I might be biased but…I think it’s very important, it’s the start of the process but can have a huge impact on the finished product. Our process starts with a desk study to find out about the ground and site conditions - are there any geohazards which would cause challenges? Underneath the seabed you can have variation in soil type, it might be too hard or too soft or a variety of both! This will bring challenges. Other issues we’ll be looking for are the behavior of the shallow soils, boulders and obstructions on the sea floor – anything that might cause problems with putting in foundations or cable design and installation. Then we’ll analyze all this against ground modelling data and where we’ve gone in to get soil samples to see if they tell the same story. At Wood Thilsted we manage all the early site investigations in house, we’ll send the samples to the lab for analysis and manage the surveys from a technical point of view. What this does is two-fold – it allows us to have access to all elements of the site investigations process, we can question data and have full access to the whole picture from the start and resolve issues early. It also allows us to influence the project development from the beginning – making sure that the final foundation choice is best suited to the site, which can result in huge cost savings later down the line - as well as a much more efficient and effective foundation design. So, it’s no underestimation to say that Geotech is key to having the best foundations designs on the market, and that Wood Thilsted can manage it all under one roof.
What affect does Geotechnical Design have?
I think the fundamental point is early Geotech input, obviously if you are putting anything into the ground you are going to consider Geotech, but at Wood Thilsted we are there at the outset. The more targeted you can be the more value you are going to bring, so you know where to put the effort in. Having detailed knowledge of a site and ground, what the soil is like, what the different layers are like and how they interact is crucial. There may a scenario whereby you have some gaps in your data despite even the most rigorous site investigations. For example, you may not know what soil conditions are like in the last 5 meters of where your monopile is going to go because there are limits to the soil investigation methods. Often when this is the case you have to err on the side of caution and assume the worst-case scenario (for example that it’s clay soil rather than sand), which usually means deeper monopiles, more steel, larger infrastructure to produce the monopiles and larger vessels required to transport and install them. Over a large area this produces significantly more cost, not to mention carbon emissions. However, if you have access to all of the data, and we as the Geotech team have done our job properly, we can challenge any data gaps. We can be confident of how the soil layers will work which means we can influence the design of the piles. Really good Geotech work gives you the confidence to be accurate with your monopile design development which transmits later down the line influencing the final design of the piles and ultimately to huge savings on the steel.
What’s different about Geotech at Wood Thilsted?

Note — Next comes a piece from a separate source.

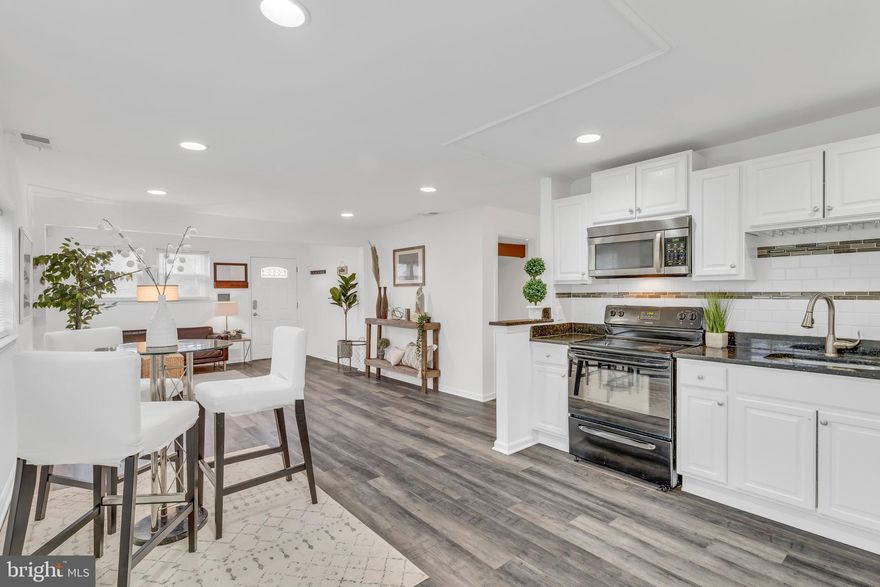 Beautifully presented 2 Bed/ 2 Full Bath Single Family Home with wooden floors and exquisite tilework along with recessed lighting throughout. Kitchen offers streamline white cabinet with brushed nickel knobs, and gorgeous granite countertop with a lovely backsplash tile to compliment. Backyard has well designed patio for entertaining. A Must See Home that shows with a touch of class.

Well, I think there’s several things really, firstly as a geo leadership group many of us have previously worked for a client, so we know what is needed for project development, how to best manage risks and budgets and interfaces to other packages etc. Combine that with our bespoke in-house software and our ethos for constant interaction and collaborative working with the other disciplines within the company then we believe we deliver a really integrated approach. Even within Geotech, there are two different disciplines, that of the site investigations and then the actual Geotech interpretation and design which results from the site investigations, and both of those work together seamlessly at Wood Thilsted. Having the entire foundation design process from Geotech and Geophys, to Energy and Climate Analytics and Structural Engineering all under one roof means each area is seen as just part of the bigger picture, rather than each area being a separate entity. So, it’s more of a holistic approach which makes the whole process more nimble and agile. We have such great experience within the team, we’ll take data from the Geophys team, we might want to hone-in-on a particular area, for example you might find a channel in the seabed which can be problematical, so we’ll go back and look in more detail. It’s a constantly evolving picture and we are always working between the different disciplines. Eventually there will be some foundation concept designs, a characterization of the site with some soil profiles, which we’ll give to the Structural Engineers. As we learn more, we’ll refine everything, we’re always moving towards a final ground model and foundation. This is fairly unique to Wood Thilsted because you have all the information, you don’t have to take things at face value. We know the history of the data, how it was collected and why, which gives us the confidence to challenge ideas and ultimately influence the very best foundation design for each particular site. There is no silo working where you receive the data and detail of a site in isolation. The whole process just means frictionless borders between all the different expertise.